440 & AFL and maybe JavanWartyPig
  1. Testing a system using the inputs that are wholly or partially randomly-generated
  2. Goal: Find inputs that make the SUT behave in interesting ways
  3. Oracles:
    • Determines if a test case passes or fails
    • Usually an oracle for correctness does not exist (beyond source-code assertions)
    • Derived oracles for correctness testing
  4. Generation-based fuzzing:
    • Inputs produced from nothing
  5. Mutation-based fuzzing:
    • Inputs produced from modification and/or combination of existing inputs
  6. Types of inputs the fuzzer may aim to produce:
    • Totally invalid inputs (random strings)
    • Somewhat malformed inputs (sequences of tokens)
    • Inputs with a degree of validity (sentences in the grammar, but not well-typed)
    • High integrity inputs (well-formed inputs free from any undefined behaviour)
  7. Dumb Fuzzing:
    • Generates or mutates inputs without the knowledge of the SUT's input domain
    • Used in the original Fuzzing paper of 1990 that found UB in most of UNIX utilities
    • Could trigger stack overflow, division by 0, maybe an integer overflow
  8. Smart Fuzzing:
    • Uses some information about the expected input format
    • Has a high chance of getting stack underflows and signed integer overflows
    • Can be helped by Compiler sanitisers
  9. Feedback-directed Fuzzing:
    • Can be smart or dumb
    • Input generation or mutation procedure is informed by observing the SUT on previous inputs
    • An input can be flagged if it makes the SUT do something noteworthy:
      • Cover new code
      • Consume more memory than usual
      • Log a previously unseen message
      • Execute a particular syscall
    • Having flagged input:
      • Generation-based fuzzer tries to generate inputs with similar properties
      • Mutation-based fuzzer prioritises it over others when making a mutation
    • Intuition:
      • Input providing new coverage exercises the SUT in a new way
      • Related input may push the SUT further into the unknown
      • New message means either more coverage or has a noteworthy (for the SUT) property
  10. Black-box fuzzing:
    • SUT is exercised in an unmodified form
    • Advantages:
      • Can be applied to closed source SUT's
      • SUT runs at full speed, enabling higher rate of fuzzing
    • Disadvantages:
      • Feedback-directed fuzzing can only make use of externally-visible behaviour
      • No coverage-directed fuzzing -> May not cover all execution paths
  11. Grey-box fuzzing:
    • Instrumentation applied to the SUT, to expose information about its inner workings
    • Typically exposes coverage
    • Instrumentation can be applied at compile or binary level
    • Advantages:
      • A feedback-directed fuzzer has more information to work with
    • Disadvantages:
      • Instrumentation overhead -> Slower rate of fuzzing
      • Compile-time instrumentation requires access to the SUT sources
  12. White-box fuzzing:
    • Analysis via constraint solving used to generate inputs that exercise different parts of SUT
    • Can prove to cover all execution paths (given enough time)

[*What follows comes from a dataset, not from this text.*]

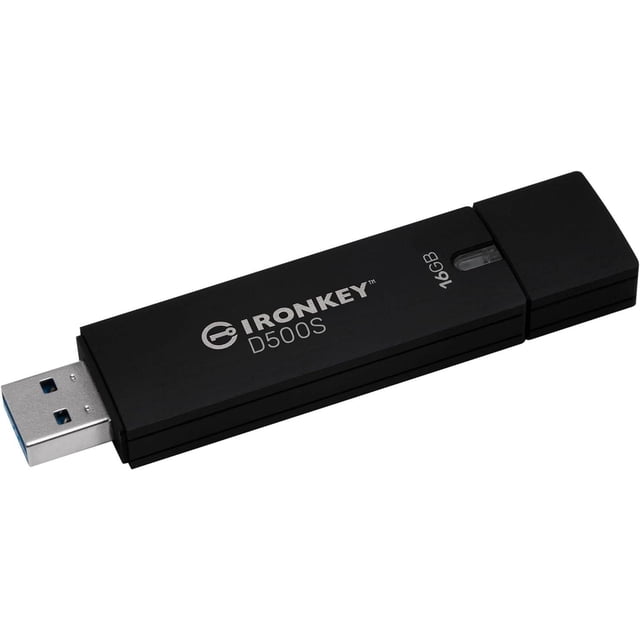 Kingston Ironkey D500S Clé USB Chiffrée 16 Go avec Boîtier en zinc Noir Robuste et Connecteur USB Type-A, avec Chiffrement XTS-AES 256 Bits de Qualité Militaire et partitions Cachées Doubles, Convient au Stockage Sécurisé des Données et à la protection contre les Attaques par force brute et BadUSB.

    • Known as Symbolic and Concolic execution
    • In many ways this is not really fuzzing
    • Advantages:
      • Constraint solvers generate inputs that reach hard to hit parts of the SUT
    • Disadvantages:
      • Slow (due to overhead of solving)
      • Heavyweight, requires specialised tool chain
  13. AFL:
    • Mutation-based, dumb, grey-box fuzzer
    • State of the art fuzzing for security
    • TODO: Read the paper on AFL
  14. Fuzzing compilers:
    • What are the challenges:
      • Absence of an oracle (for code generation)
      • Nondeterminism
      • Lack of clear language semantics
      • Undefined, unspecified and implementation-defined behaviour:
        1. Undefined - The standard imposes no requirement
        2. Unspecified - The standard defines a set of allowable behaviours to choose at any occurrence
        3. Implementation-defined - The standard defines a set of allowable behaviours;the compiler has to choose one and document a consistent behaviour
    • Compilers are non-testable because:
      • There does not exist an oracle (for code generation)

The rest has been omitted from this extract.